Boston welcomed the display warmly, even if the weather didn’t. As we’ve discussed previously in our travels, we enjoy doing outdoor displays whenever possible. When we saw the forecast of 50% showers for Boston, we were a bit torn. We had the amazing Meg Hutchinson lined up to perform during the event, and we thought that her sound and the visual of the display would be such a great mix outside of the Prudential Center. We decided to risk the weather and do the display outdoors.

This started off great, we’re extremely happy with how the event ran throughout the uncertain weather. Every time a few drops came through, they’d stop almost as soon as they started. We continued to joke about the positive energy of all the volunteers keeping the rain away. As noon approached (which was when Meg was scheduled to perform), no amount of positive energy could keep the showers away.

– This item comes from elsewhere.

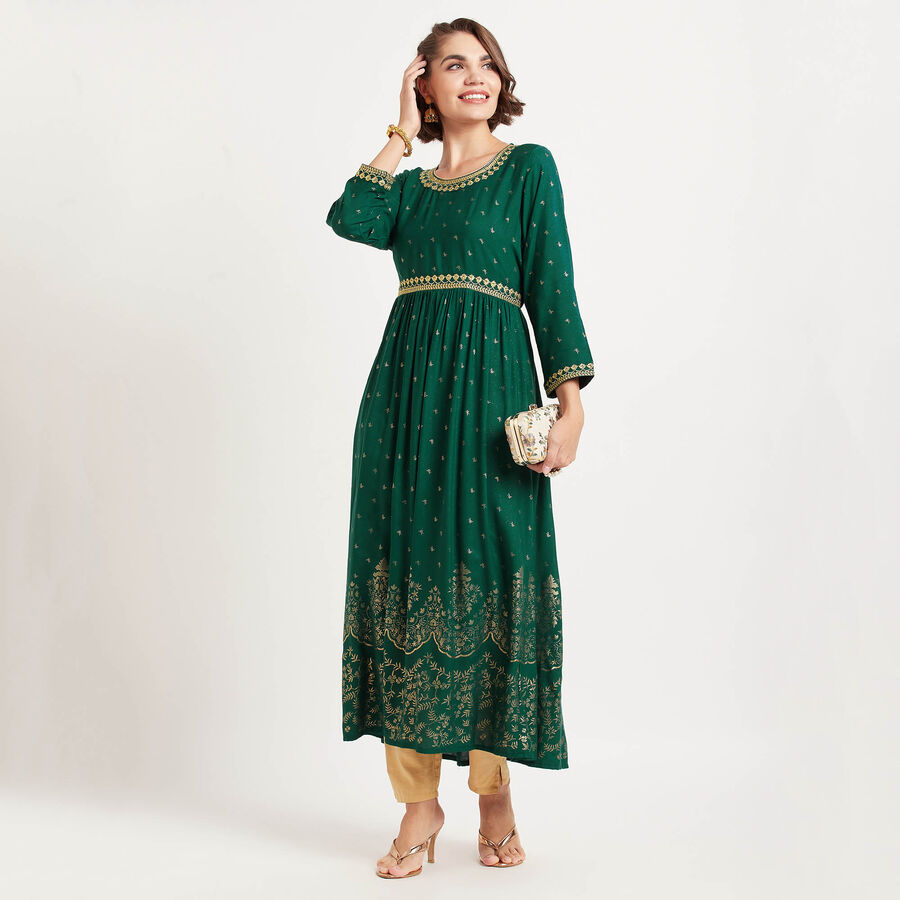 3/4Th Sleeves Flared Kurta, Dark Green, large image number null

Even though we got a bit wet, that didn’t stop us, Meg, or the fantastic community at Boston from continuing in the event. Meg played in the rain, Boston brought their umbrellas, and the show continued. I was personally quite moved to see passerby’s stop to interact with the display even in the rain. I think that really says something about how important this all really is.



After Meg finished performing, we decided to pack up and move the display indoors to our rain location at City Hall. Though we didn’t have enough time to set up the entire 1,100 backpacks there, we were able to set out the story bags and have a big final push during the final hours (this time while staying dry).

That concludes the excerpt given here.